When the UNC came into power, however, it immediately set up investigations into the project, using the argument that the project was politically motivated and undertaken without the necessary studies and evaluations to determine the financial benefits to the country. These allegations, Manning said, were unfounded since he himself led one of the investigations. He stated that the decision to condemn the La Brea Industrial Estate was made for political reasons and had other serious implications, specifically the significant losses experienced by the National Gas Company (NGC), which was left to fend for itself on the estate. When the project was aborted, he explained, the government of the day had already purchased pipe to construct a spur on the estate. Some of this pipe was used to build a corridor costing US$18 million, but some was also disposed off.


The NGC, Manning continued, only avoided major loss when bp Amoco made the decision to reduce gas prices. This meant that the company paid lower taxes and, from 1998 to 2003, the loss in taxes amounted to approximately TT$306 million. The NGC itself saw losses of TT$225 million, with the approximate losses over the six-year period amounting to TT$645 million. Additionally, he said, the UNC government was unaware that the Labidco estate was first considered for farmland, which was offered at a special introductory price. “They got a price,” he explained, “which eventually turned out to be 36 cents more than the value of the plants at Point Lisas. But the plants at Point Lisas had a clause in their contract that said if somebody gets a gas price for them, they are entitled to pay at the gas price, a most favoured nation clause.
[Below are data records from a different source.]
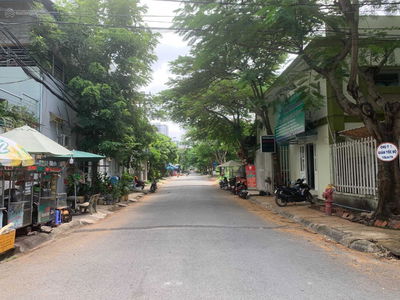 ABC University Village, Vietnam ABC University Village, Vietnam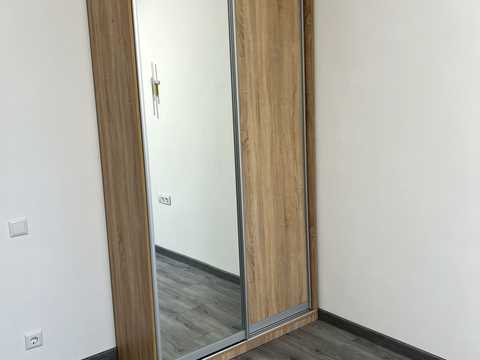 квартира за адресою Житомир, Миру пл., 1-Б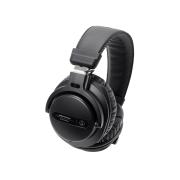 Audio-Technica ATH PRO 5X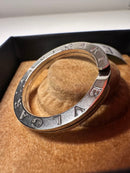 Bvlgari Keychains Key Rings 925 4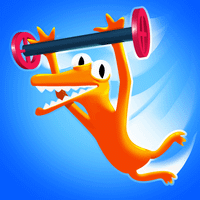 RainBow Draw Flights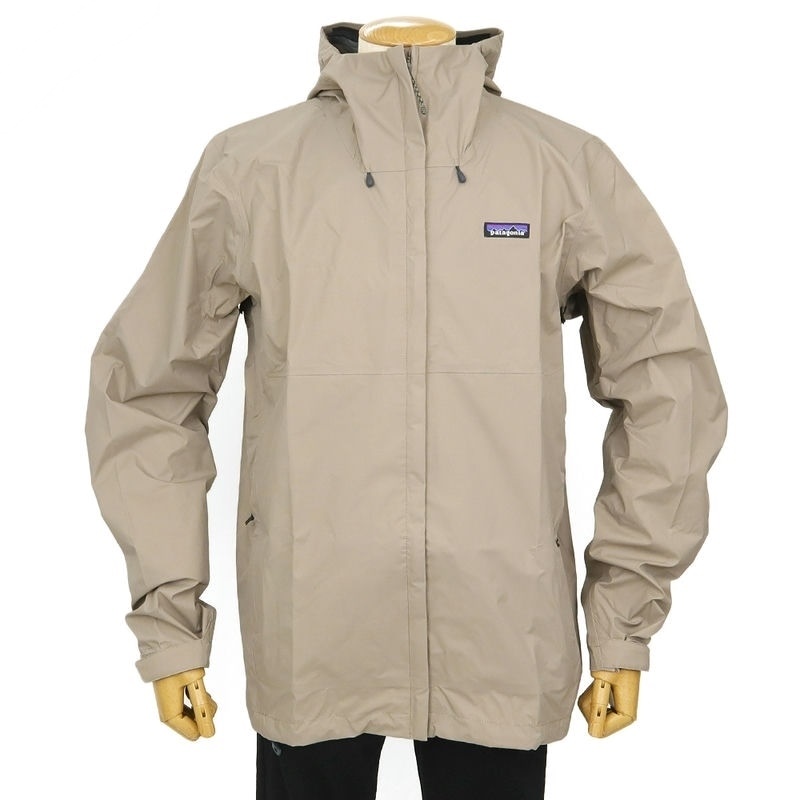 patagonia ジャケット XLサイズ XLサイズ】パタゴニア patagonia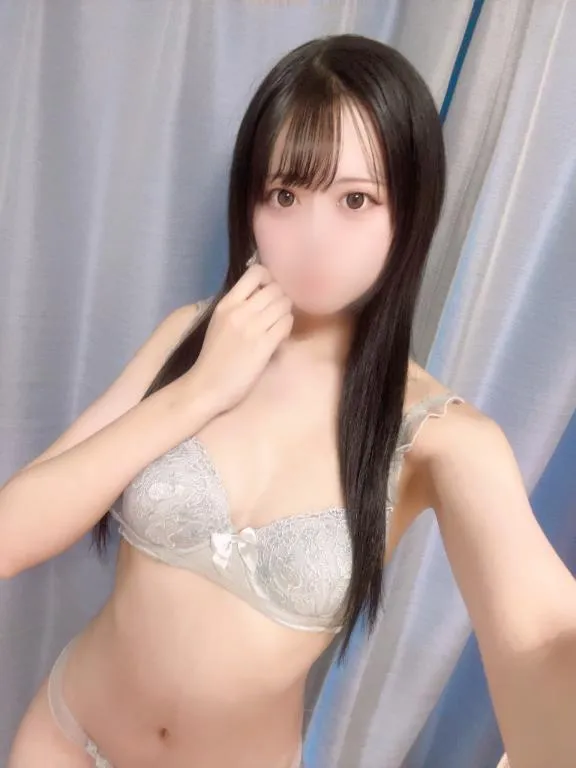 写メ日記 あんな 4/26(日) 17:23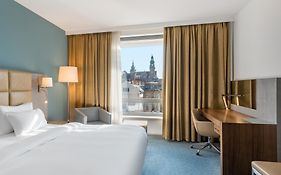 Radisson Blu Hotel Kraków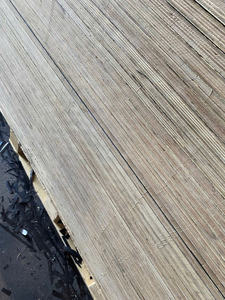 Contreplaqué de coffrage hydrofuge à âme en eucalyptus filmé 12mm 15mm 18mm 21mm, contreplaqué phénolique pour béton, fournisseurs VIETNAM - Product Image 5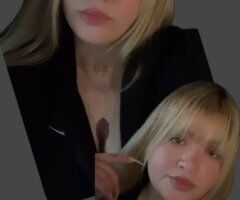 Farmington Female Escort — Pics & Vids on Request, Screening Verification - Image 9
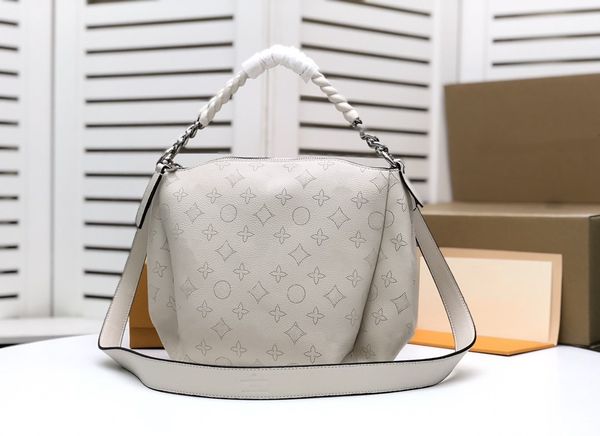 monograms pattern bag babylone chain bb designer shoulder highs quality handbag luxury women's hollow out handbag highquality leather c
monograms pattern bag babylone chain bb designer shoulder highs quality handbag luxury women's hollow out handbag highquality leather c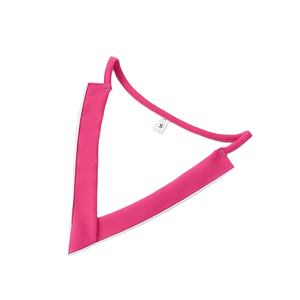 Uniformes Médicos de Poliéster/Rayón Resistentes y Transpirables para Personal de Enfermería, Uso Diario - Product Image 2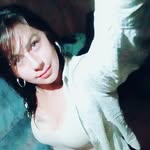 Karol Calderon Alvarez - @karolcalderonalvarez - Instagram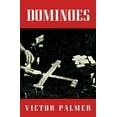 thumbnail image 1 of Dominoes: With Rules and Procedure, (Paperback), 1 of 1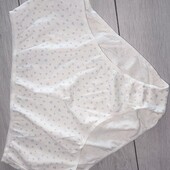 Труси Primark, eur 40-42 / uk 12-14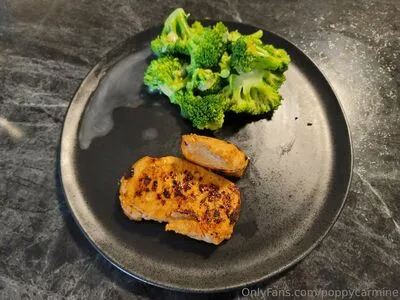 Poppycarmine OnlyFans Leaked Free Thumbnail Picture - #oTLP2T8VFn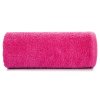 FROTÉ UTERÁK SMOOTH1 SADA 6KS 16X21 CM AMARANT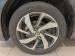 Toyota Starlet 1.5 XS auto - Thumbnail 8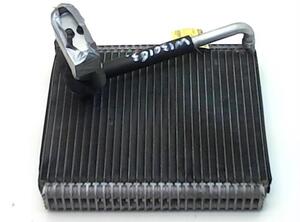 Air Conditioning Evaporator KIA CEE&#039;D Hatchback (ED), KIA CEE&#039;D SW (ED), KIA PRO CEE&#039;D (ED)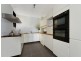 2a/29 East Esplanade, Manly NSW 2095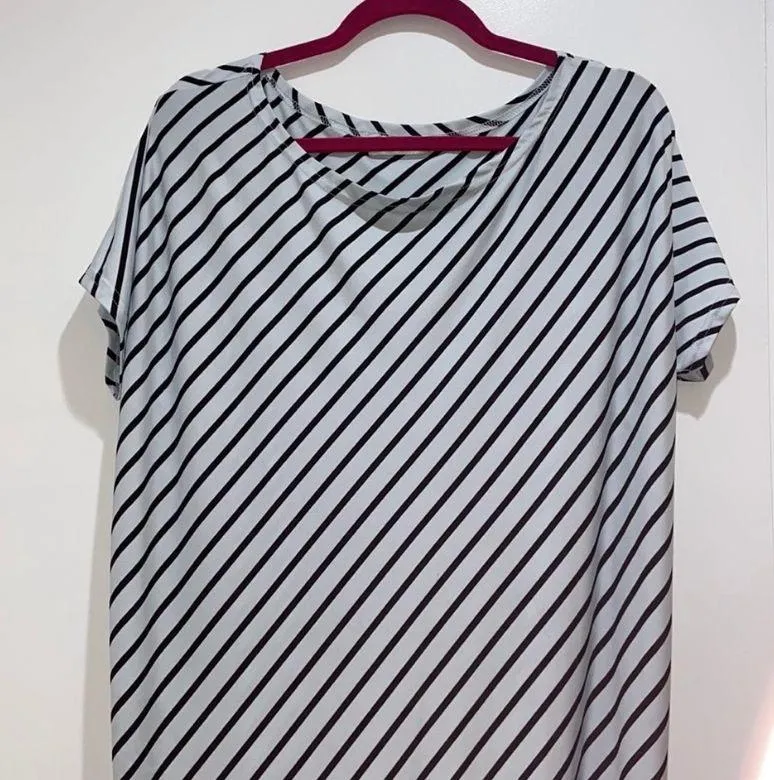 Maxi Dress Multiple Size M - Image 2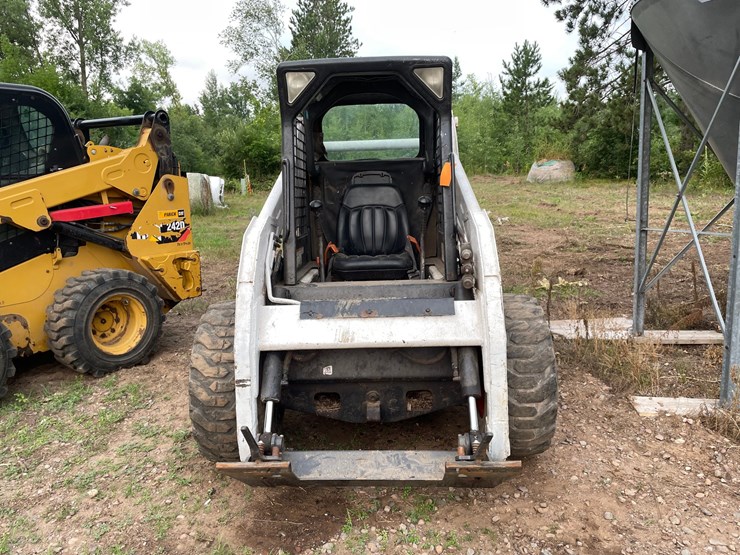 bobcat-s185-image-2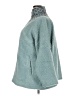 Vera Bradley 100% Polyester Teal Pullover Sweater Size 3X - photo 5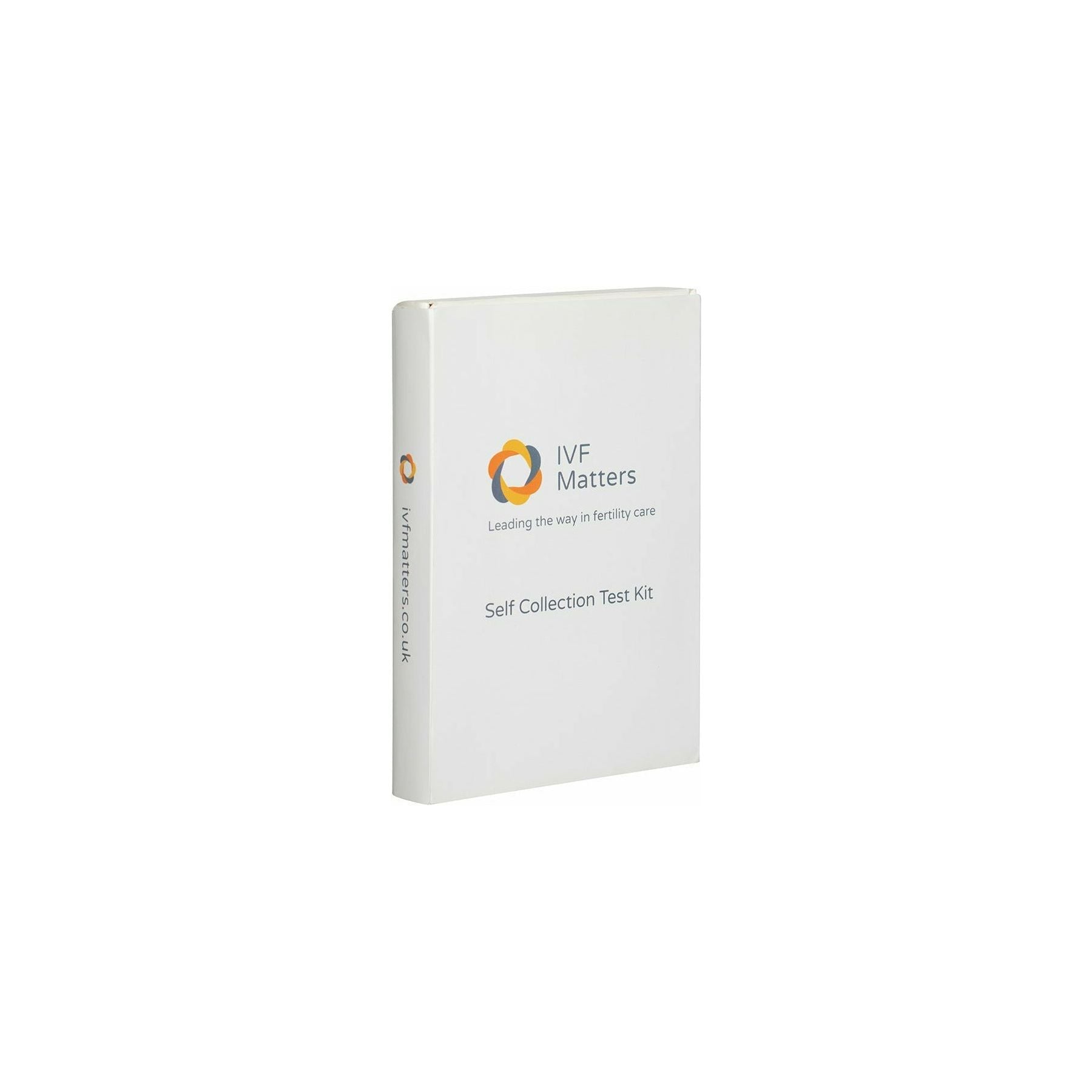 Progesterone Test + Clinical Review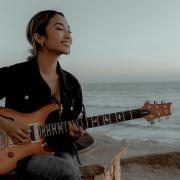 Farrah Camu _ Acoustic Spot Talent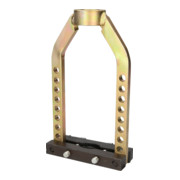 Brilliant Tools Extracteur de joint de cardan-2
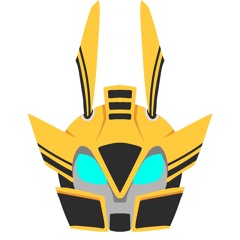 CHUPA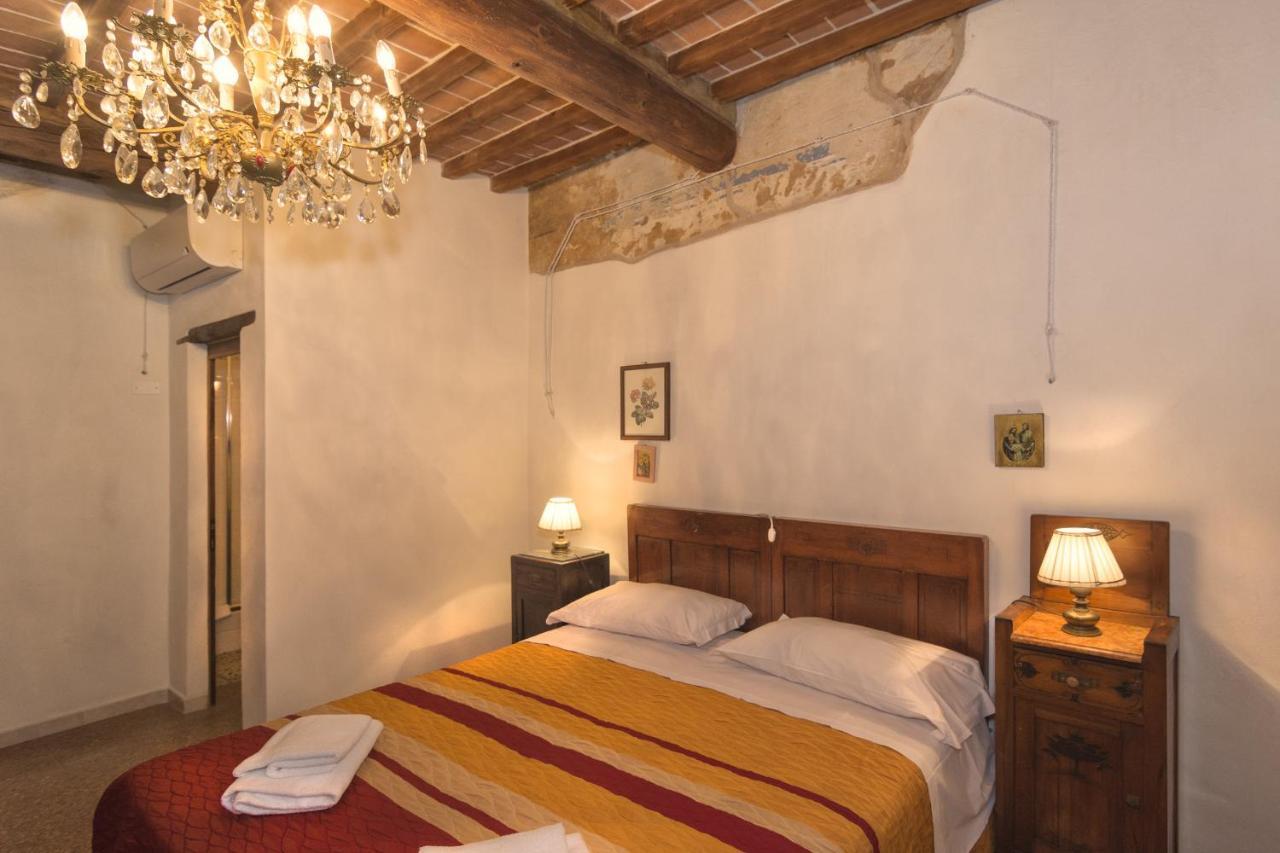Due Borghi Bed & Breakfast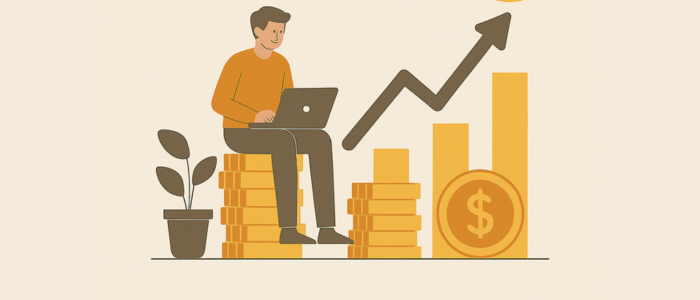 investir-com-seguranca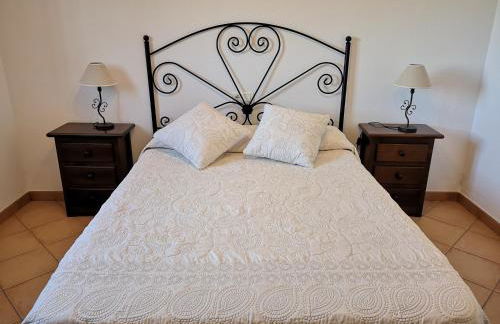 Casa Rural Cerca de la Playa El Rompido - Foto 9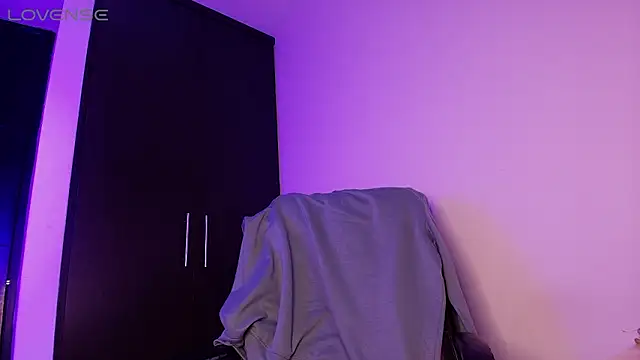 BjornSteel live sex cam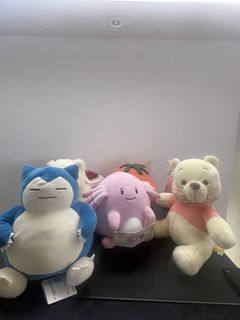 （分類：）位於 。 由 samuelchung2021 提交（商品編號 1466108366，圖片 1）。簡介： 。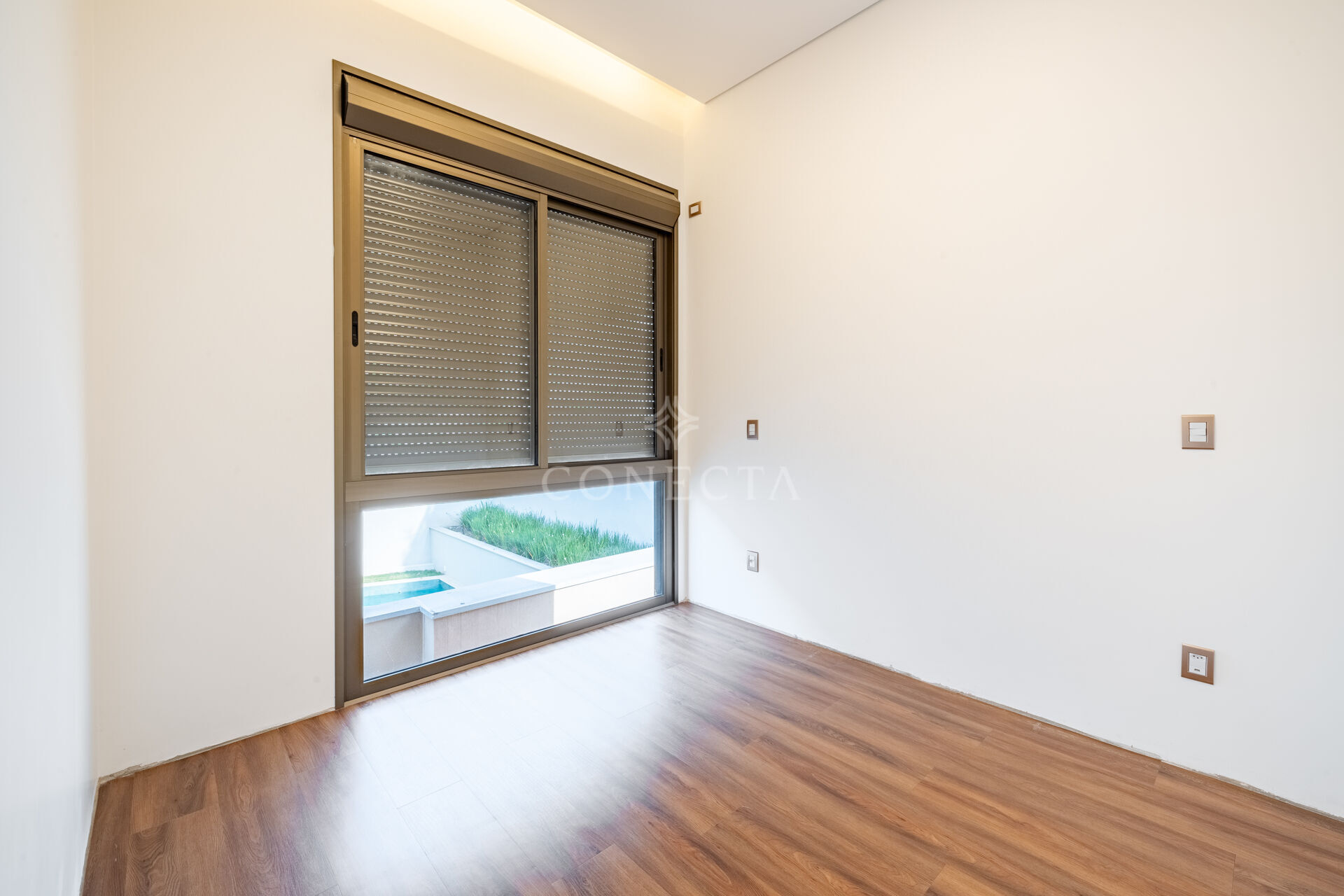 Casa à venda com 4 quartos, 400m² - Foto 28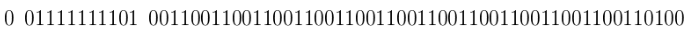 640?wx_fmt=png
“This was not taken into account.” Therefore, when the Labidco estate was condemned, the farmland was forced to move one and a half miles north of the industrial estate in Point Lisas. “All this because a policy was being pursued to try to denigrate the previous administration for narrow partisan bahaviour,” Manning maintained. As it now stands, he went on, the Government has begun to move towards developing the Union Estate at La Brea, which is adjunct to the estate at Labidco. This was linked to a policy shift in dealing with the country’s industrial plants, which entails all plants will now be located between Point Lisas and Icacos on the west coast.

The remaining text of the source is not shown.